Директор взял его руку:

— Здоровая и крепкая рука, проявляющая силу и хорошее происхождение. — Альбинский подал ему портсигар, и наступила пауза.

Взгляд Юлиана на мгновение упал на знакомый портрет покойной Альбинской в наряде невесты. Его лицо просветлело на миг, словно от солнца. Это же была словно живая Дора Вальде!

Альбинский это заметил.

— Понимаете ли вы, господин, что этот ребёнок для меня значит?

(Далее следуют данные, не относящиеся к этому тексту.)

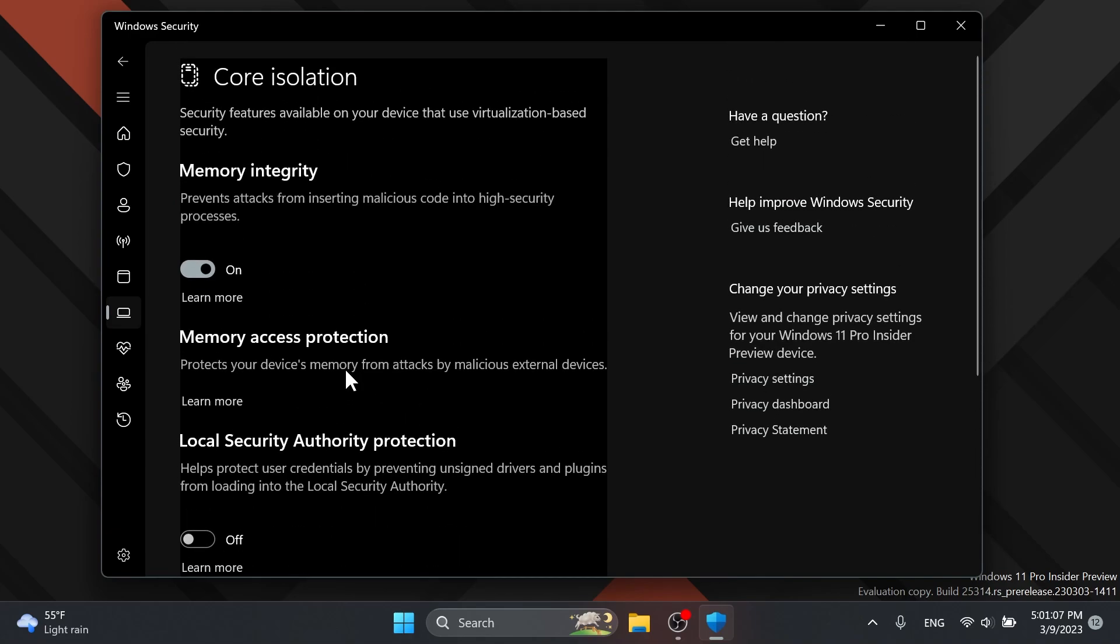As you can see right now, the Windows security app in my operating system is a bit bugged. I'm not really sure if this is a bug or maybe this is a very early preview of a new Windows security app that Microsoft is working on, but we'll see more about this in the coming builds.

Сколько заботы она мне принесла, пока я сохранил её такой, какой вы её узнали. А вы все приходите сюда и строите свои планы, хотите вырвать её у меня, последнее солнце моей старости? Как я могу поверить вам на слово, что она вам дорога? Вы, господин Цезаревич, достойный человек, хорошо воспитаны, и ваш характер, быть может, безупречен, как я слышал от знающих вас людей, и у вас есть то, чего редко у кого встретишь: духовное превосходство над своей средой. И я был бы горд назвать вас своим внуком, сыном или как там, но для моей Доры этого всего мало. Дайте серьёзное доказательство вашей любви к ней, дайте высокую цену, которую я от вас потребую. Я говорю твёрдо, но ясно. Я обеспечу вам должность, какую пожелаете, я оплачу все ваши долги, ведь Дора Вальде без меня этого не в силах сделать, я сглажу все неровности, что могут быть препятствием в вашей военной или гражданской карьере, всё моё, хоть и небольшое имение достанется вам и ей, но лишь дайте заявление перед венчанием, что вы отрекаетесь от своей национальности, меняете вашу фамилию на мою и что ваши потомки будут её носить.

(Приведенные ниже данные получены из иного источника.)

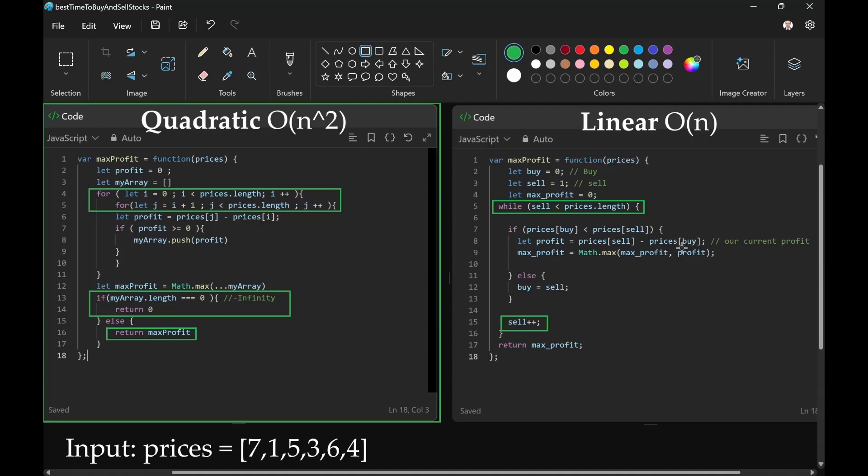a profit is possible. We can calculate a profit and then determine the max profit.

— Мы не живём во времена Вишневецкого и Четвертинского[130], господин директор. А госпожа Дора Вальде знает об этих ваших условиях?

Альбинский злобно усмехнулся.

— У вас есть три дня на раздумья.

В прихожей, когда Цезаревич выходил, словно из-под земли возникла перед ним тётя Оля.

— Как себя чувствует госпожа Дора? — спросил он сдавленным голосом. — Передайте ей, что я её приветствую и прошу, чтобы не плакала.

Тётя Оля подняла испытующий взгляд на него, но он, серьёзно надвинув шапку на глаза, накинул плащ и вышел.

*

На следующий день перед полуднем пригласила госпожа Рыбко Юлиана к себе.

Юлиан коротко рассказал о своём разговоре с Альбинским.